There, Dolf trailed off. He shrugged helplessly.
“If you aren’t a grey wolf, then what are you?” inquired Helena, remembering h
er original point of interest. He had been so uncomfortable with the subject! Usually, the only thing that seemed to make Rudolf Shaw genuinely uncomfortable was her.
“A dire wolf,” he snapped defiantly, as if daring her to make something of it.
Helena accepted that challenge.
Chapter 14 – Dolf
At the news that he was a dire wolf, Helena’s pretty face lit up. She looked like Christmas had come early that year. In that moment, her excitement making her enchanting.
And also bewildering; no one’s face had ever been that excited to hear that he was a dire wolf before. Gil had made a few jokes about Ragnarok, but that was a best case scenario and certainly not the norm.
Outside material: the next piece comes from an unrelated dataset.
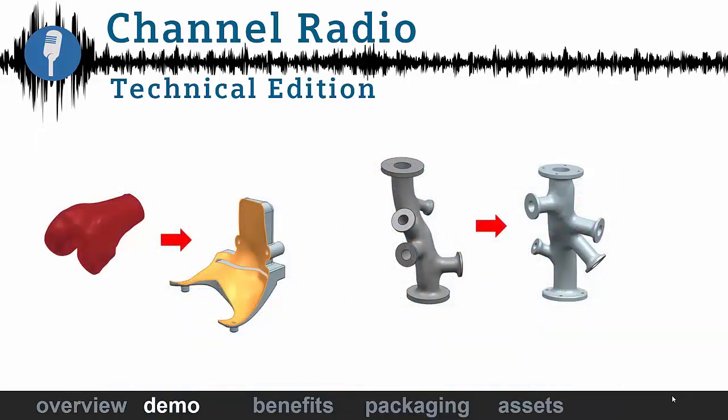Today I have two demonstrations to show you. The first one is using a scanned knee for use in a medical device that is used in surgery. It's a fixture to hold the knee in place. The second is the pipe assembly that was created using the generative design tool topology optimization. We'll take a look at how we can add additional detailed features onto that.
“Dire wolf?” echoed Helena, her excitement obvious. “As in the mega fauna? Native to North America and died out thousands of years ago? That kind of dire wolf?”
It might have been more dignified to say that he shifted his weight uncomfortably, but the truth was that he squirmed.
“Yes,” said Dolf warily. “Why?”
Two little words, and Helena was off and running, her words tumbling over each other in her excitement.
It wasn’t exactly news to Dolf that Helena was smarter than him. He’d suspected it, of course, but the trip to the science center had cemented it in his mind: Helena was a brain.
And there was nothing wrong with that! Dolf had always had a thing for librarians, although Helena’s look was certainly growing on him. And he especially liked her when wet.
It was just that, at moments like this, it was a little hard to follow her, much less truly understand what she was going on about right now. But it was obvious that she liked his other form, and that made Dolf feel good.
No one had ever just out and out liked him as a dire wolf. And it wasn’t like this was one top predator admiring another. She couldn’t even shift into a dragon! Truly, Helena was a strange – if endearing – sort of woman.
Looking at her flushed cheeks and sparkling eyes as she talked at him, Dolf wondered if Helena would mind very much if he kissed her again. Because right then, she was looking entirely kissable.